Generative Modeling via Drifting
Mingyang Deng, He Li, Tianhong Li, Yilun Du, Kaiming He
TL;DR
Drifting Models introduce a training-time evolution of the pushforward distribution $q = f_\theta{}_{\#} p_{\boldsymbol{\epsilon}}$ via a drifting field $\mathbf{V}_{p,q}$ that vanishes at equilibrium when $q = p_{\text{data}}$, enabling a single-pass, one-step generator. The method employs a kernelized attraction-to-data and repulsion-from-generated-samples drift, with a fixed-point training objective and stop-gradient targets to align $q$ with $p_{\text{data}}$. It extends drifting to feature space, supports multi-scale representations, and can incorporate classifier-free guidance by conditioning on class and unconditional data.

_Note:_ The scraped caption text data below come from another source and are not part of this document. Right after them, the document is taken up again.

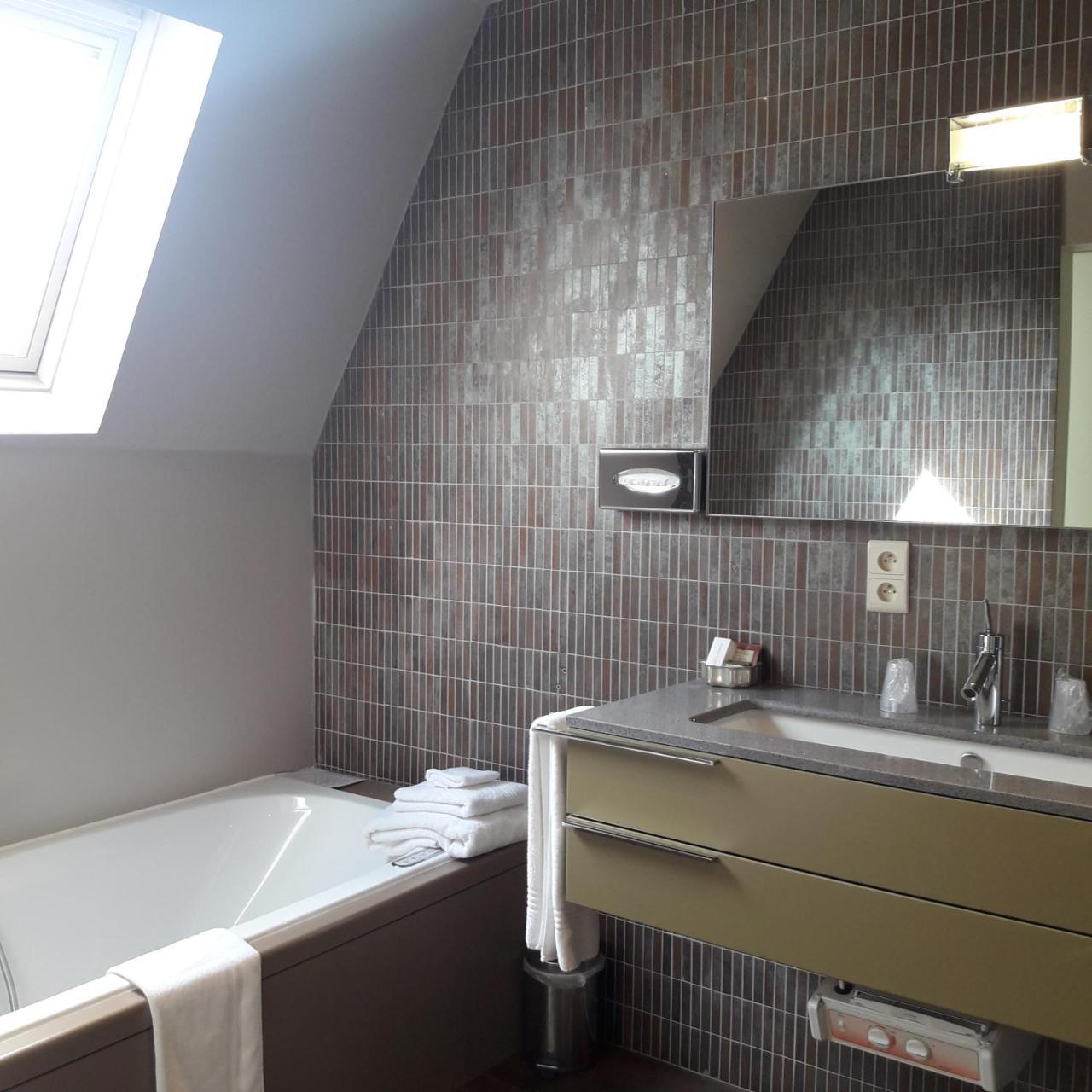 Hotel Recour Poperinge Exteriör bild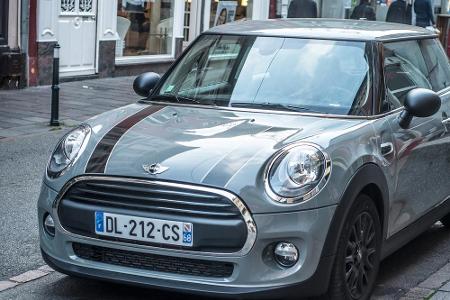 Für den Anfang ein leichtes Kennzeichen: Eigentlich sollte jeder auf den ersten Blick wissen, aus welchem Land dieser Mini C...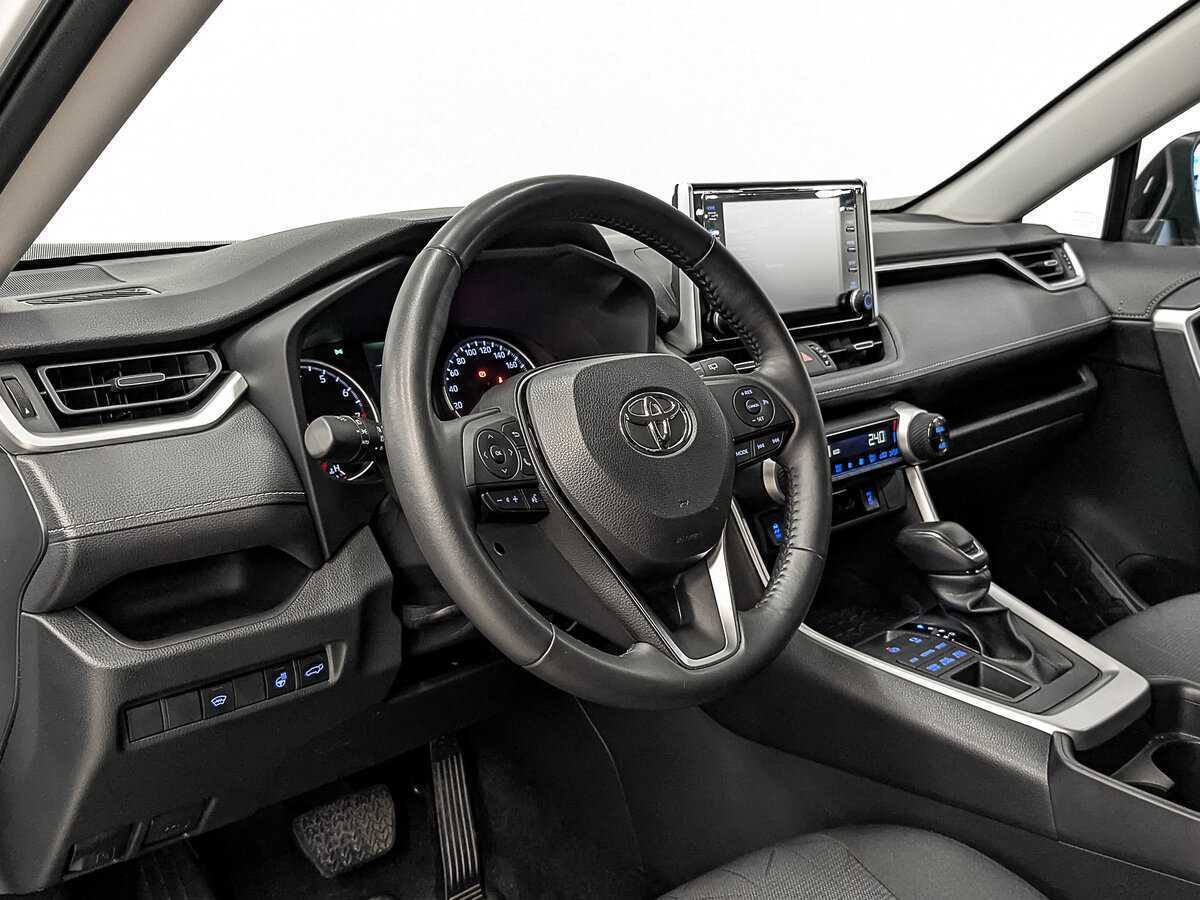 Toyota RAV4 2022 года с пробегом. Фото: #14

Empirically, it achieves state-of-the-art 1-NFE FID scores on ImageNet 256×256 in both latent ($\mathrm{FID}=1.54$) and pixel space ($\mathrm{FID}=1.61$), and demonstrates strong performance in latent and pixel-space generation as well as robotics control, illustrating a practical, diffusion-free paradigm for high-quality, efficient generation.
Abstract
Generative modeling can be formulated as learning a mapping f such that its pushforward distribution matches the data distribution. The pushforward behavior can be carried out iteratively at inference time, for example in diffusion and flow-based models. In this paper, we propose a new paradigm called Drifting Models, which evolve the pushforward distribution during training and naturally admit one-step inference. We introduce a drifting field that governs the sample movement and achieves equilibrium when the distributions match. This leads to a training objective that allows the neural network optimizer to evolve the distribution. In experiments, our one-step generator achieves state-of-the-art results on ImageNet at 256 x 256 resolution, with an FID of 1.54 in latent space and 1.61 in pixel space. We hope that our work opens up new opportunities for high-quality one-step generation.